Will it be always possible to determine "on who I am playing"? Because, yes, I agree with you, different people might want different things. Some are happy to start as America and see no predetermined English cities so that they can settle the way they want. Others just hate it when they expect some infrastructure in place and inherit virgin landscape. And also some are like me, who rage quit long lasting Aztec game because after killing every single conqueror I got zero slaves (bad luck maybe) so I sent my forces to North America waiting to kill some Brits -- but they we collapsed (probably got stack fighting wars of roses instead of being prey in my flower wars). Basically players count on some traditional activity in the New World.
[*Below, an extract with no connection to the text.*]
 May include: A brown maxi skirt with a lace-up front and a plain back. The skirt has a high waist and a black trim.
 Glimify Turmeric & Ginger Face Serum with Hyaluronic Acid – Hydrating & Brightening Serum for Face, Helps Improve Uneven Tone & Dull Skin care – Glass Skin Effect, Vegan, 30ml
When actors don't exist in the Old World to begin with -- things can get frustrating...
 
Why would it be difficult to determine who you are playing?
 
I think he means he would prefer somewhat railroaded AI behavior when he is playing as some civs and more free/random situations while playing others.
For instance he would want European AIs to actively colonize the New World whenever he is playing as the Aztecs,
while he wouldn't mind as much when he is playing, say, China.
 
Why would it be difficult to determine who you are playing?
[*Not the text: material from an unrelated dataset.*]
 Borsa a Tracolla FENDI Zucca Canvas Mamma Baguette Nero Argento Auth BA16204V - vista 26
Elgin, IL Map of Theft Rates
Sorry, I did not make myself clear.

I think he means he would prefer somewhat railroaded AI behavior when he is playing as some civs and more free/random situations while playing others.
For instance he would want European AIs to actively colonize the New World whenever he is playing as the Aztecs,
while he wouldn't mind as much when he is playing, say, China.

Yes, exactly, thank you very much.
 
It is nice to see Greece gaining independence from Turkey in 19 century. When we play 3000 BC scenario very often Independent Greece starts with 2 cities (Sparta and Athens). But in 600 AD and 1700 AD it is hardly possible, AI does not build cities in Greek core. How about we pre-place a city on Crete (Heraclion). It is cool to see island city, always requires different tactics to capture it (need for fleet). Arabs can flip it in 600 AD scenario. Independent Greeks will start with 2 cities in 1700 scenario (when they re spawn). We have this 2 tile landmass in very strategic place of the world (Mediterranean) but most of time it is wasted. In 1700 AD scenario Ottoman culture does not even cover entire Crete making it look odd, honestly. 1 culture free tile in the age of completely established empires.
 
I think he means he would prefer somewhat railroaded AI behavior when he is playing as some civs and more free/random situations while playing others.
For instance he would want European AIs to actively colonize the New World whenever he is playing as the Aztecs,
while he wouldn't mind as much when he is playing, say, China.
Sorry, I did not make myself clear.

Yes, exactly, thank you very much.
Oh, yeah that's why I said I would preferably combine this with a game option you select at the beginning of the game together with the difficulty etc. Something like "railroad everything" vs "railroad civs related to me" vs "railroad in autoplay only" vs "no railroading", obviously with better names. I suspect different people have different preferences here for different civs.